Example for Fine Tuning CLIP or BLIP2 for VQA

Hi,
I wanted to fine tune CLIP and BLIP2 for a VQA task on custom dataset, but I was unsure how to do it. Are there any examples for fine tuning CLIP and BLIP2 for VQA?

Thank you

1 Like

I have implemented a repo here. I hope this can help.

This uses BLIP rather than BLIP2, no? Any pointers on BLIP-2? The architecture is slightly different

Hello @swtb , did you find anything for finetuning vqa or blip2 or have implemented anything? Any help will be really appreciated.

Yes though I moved on from it. You can find alot of clues from the inputs of the model and outputs of its forward pass.

I’ll be at my pc later, will attach a code snippet from my training loop

Tutorials for fine-tuning BLIP-2 are linked here: Transformers-Tutorials/BLIP-2 at master · NielsRogge/Transformers-Tutorials · GitHub. These include notebooks for both full fine-tuning (updating all parameters) as well as PEFT (parameter efficient fine-tuning using LoRa).

1 Like

Hi, have you implemented the use of lora to fine tune blip2 on top of vqa tasks?
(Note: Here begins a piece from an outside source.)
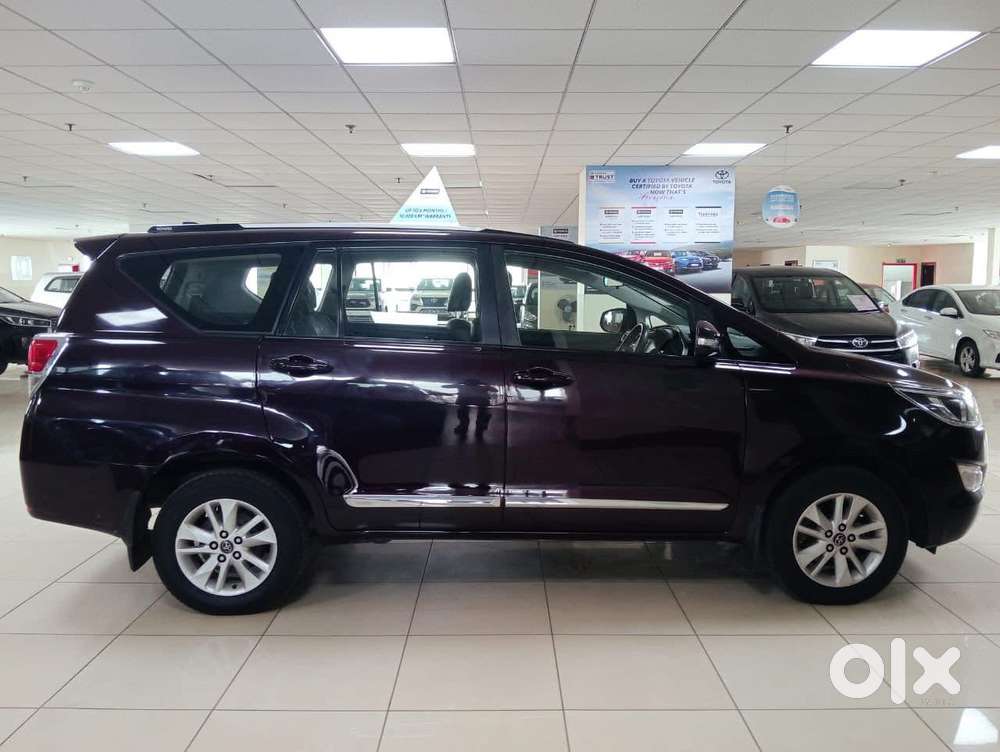 Toyota Innova Crysta 2.4 Gx Mt 8s, 2017, Diesel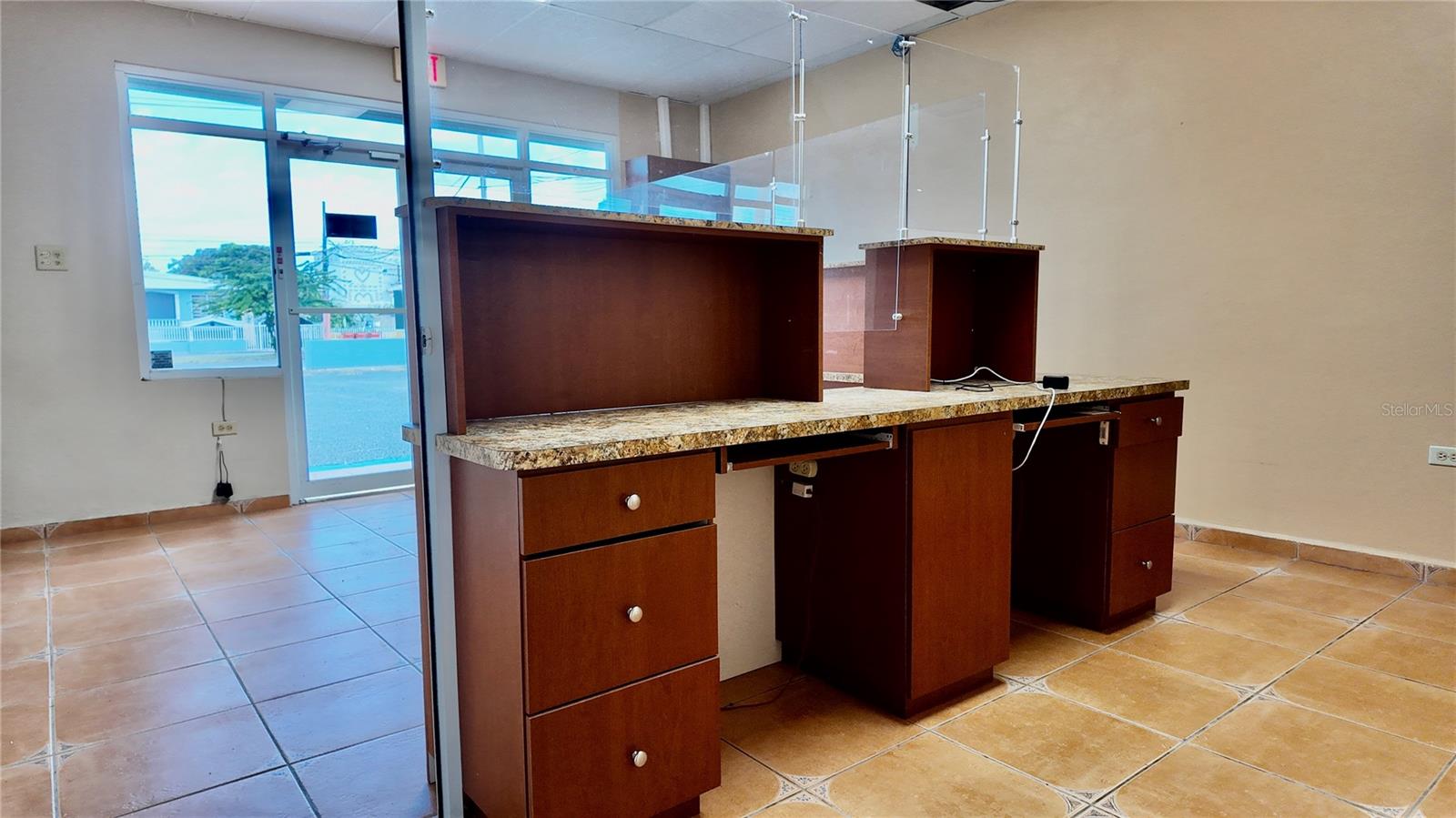 115 C. Marginal Property Photo 4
I’d recommend checking out the repo linked above, and then you just need to wrap the BLIP-2 model using PEFT:

from transformers import Blip2ForConditionalGeneration
from peft import get_peft_model, LoraConfig, prepare_model_for_kbit_training

model = Blip2ForConditionalGeneration.from_pretrained("Salesforce/blip2-opt-2.7b", load_in_8bit=True)

lora_config = LoraConfig(
            r=8,
            lora_alpha=8,
            lora_dropout=0.1,
            target_modules="...",
            init_lora_weights="gaussian",
)

model = prepare_model_for_kbit_training(model)
model = get_peft_model(model, lora_config)
model.print_trainable_parameters()

Then proceed as usual. The target_modules are model-specific.

1 Like